It was a jam-packed summer holiday involving field-work, team projects and personal assignments for me and nine other interns on the seven-week Student Volunteer Botanical Internship Program.
Based at the Centre for Australian National Biodiversity Research there was first-hand experience of working in our nation’s herbarium mounting specimens and collecting DNA samples from acacias - pretty exciting considering this collection contains specimens collected by Joseph Banks on Captain Cook’s voyage to Australia in 1770!
The field trip to Booderee National Park and Botanic Gardens was great for a girl from South Australia – allowing me exposure to East Coast plant communities. Plus there was invaluable insight into the everyday work of weed control, prescribed burning, joint park management and bush tucker.

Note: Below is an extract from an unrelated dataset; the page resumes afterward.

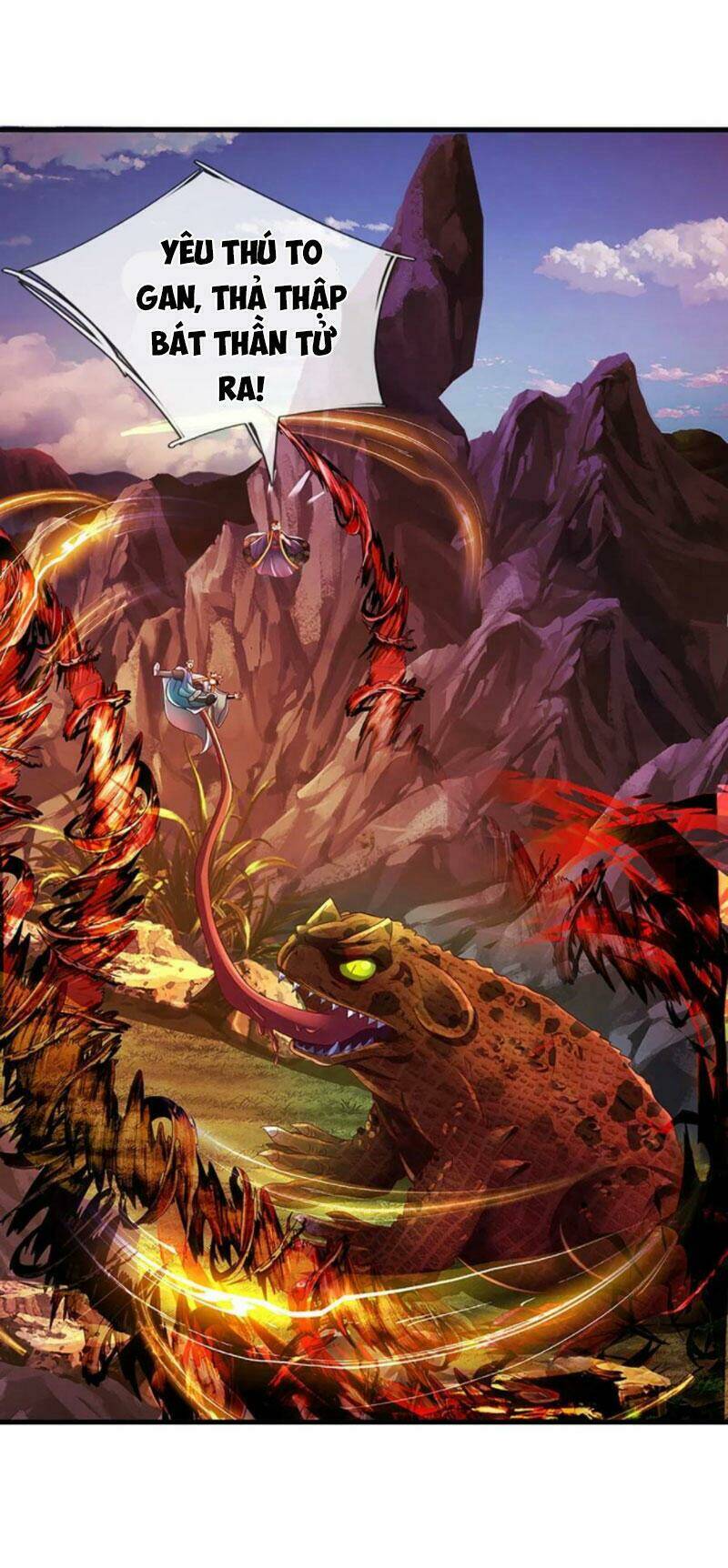 Bắt Đầu Với Chí Tôn Đan Điền Chapter 112 - Trang 2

It was great to get so close to animals you would never normally get the opportunity to see, even if at the Australian Wildlife Collection at CSIRO they were skinned, stuffed or skeletonised. The trays of fairy wrens, budgies and eggs were fascinating and had a real beauty.
But it wasn’t all talks and assignments. The field trips were a good opportunity to get to know the other interns and staff better and there was more wildlife to spot with some snorkelling at the beach - where I caught sight of a wobbegong!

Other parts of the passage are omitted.